Because of advances in technology, software providers and device makers have been able to develop almost impenetrable protection for their customers’ information, effectively locking law enforcement out of accounts and devices, even when armed with a search warrant. Most privacy watchdogs, understandably shaken by Edward Snowden’s revelations of NSA spying, argue that this is an unadulterated good. The prosecutorial view is that this is an unprecedented interference with lawful investigations.

There is no question that the companies fashioning themselves as champions of privacy benefit financially from this position.

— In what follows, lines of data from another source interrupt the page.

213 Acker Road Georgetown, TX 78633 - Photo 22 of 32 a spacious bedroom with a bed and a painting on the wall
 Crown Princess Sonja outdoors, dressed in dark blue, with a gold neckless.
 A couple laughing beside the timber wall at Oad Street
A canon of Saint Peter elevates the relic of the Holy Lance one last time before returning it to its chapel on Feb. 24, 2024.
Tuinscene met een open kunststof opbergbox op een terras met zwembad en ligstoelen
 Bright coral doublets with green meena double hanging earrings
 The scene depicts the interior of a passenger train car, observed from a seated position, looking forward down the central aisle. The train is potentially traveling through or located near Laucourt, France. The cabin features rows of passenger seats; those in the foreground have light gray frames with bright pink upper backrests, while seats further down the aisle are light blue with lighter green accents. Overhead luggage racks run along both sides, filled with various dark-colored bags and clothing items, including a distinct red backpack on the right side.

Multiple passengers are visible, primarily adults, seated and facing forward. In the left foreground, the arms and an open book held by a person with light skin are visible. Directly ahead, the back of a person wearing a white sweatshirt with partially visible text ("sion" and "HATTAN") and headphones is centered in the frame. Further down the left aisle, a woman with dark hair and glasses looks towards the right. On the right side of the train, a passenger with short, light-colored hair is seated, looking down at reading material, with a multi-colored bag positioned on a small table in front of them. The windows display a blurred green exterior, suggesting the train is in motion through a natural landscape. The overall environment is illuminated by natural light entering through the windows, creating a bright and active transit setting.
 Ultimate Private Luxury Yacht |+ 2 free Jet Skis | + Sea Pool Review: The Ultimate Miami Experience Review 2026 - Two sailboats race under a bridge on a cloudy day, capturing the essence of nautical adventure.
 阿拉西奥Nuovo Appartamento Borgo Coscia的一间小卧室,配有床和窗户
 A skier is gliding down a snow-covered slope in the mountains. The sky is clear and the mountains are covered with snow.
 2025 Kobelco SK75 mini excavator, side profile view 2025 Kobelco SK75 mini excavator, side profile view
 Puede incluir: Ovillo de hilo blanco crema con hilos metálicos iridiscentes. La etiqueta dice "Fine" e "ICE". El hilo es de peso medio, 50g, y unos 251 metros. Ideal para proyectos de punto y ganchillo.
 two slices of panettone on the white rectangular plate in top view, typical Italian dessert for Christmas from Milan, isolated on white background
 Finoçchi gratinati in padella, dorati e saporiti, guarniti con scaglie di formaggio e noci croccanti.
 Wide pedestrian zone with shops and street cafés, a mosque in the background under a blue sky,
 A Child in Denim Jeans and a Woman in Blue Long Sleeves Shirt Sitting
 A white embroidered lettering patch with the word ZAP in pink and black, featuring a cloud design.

Apple has openly admitted in court filings that complying with court orders to assist in the execution of search warrants could “substantially tarnish Apple’s brand.” But while Apple may bear some responsibility for creating a system that it could not access itself, does that mean they should be statutorily tasked with undoing it?

Current statutory law, in particular the Communications Assistance for Law Enforcement Act (CALEA), does not cover the encrypted information on physical devices, or information companies’ responsibilities to decrypt it. This Essay takes the question of whether CALEA should be amended as a starting point for a broader exploration of what assistance the government can justly ask of its citizens.

There are strong arguments to be made that such obligations would not be reasonable, or that there should be a zone of privacy that the government cannot access. This would support a system in which some warrants are ineffectual. But if the functional impossibility of execution of these warrants is just the byproduct of a corporate strategy, “them’s the breaks” seems like an insufficient justification.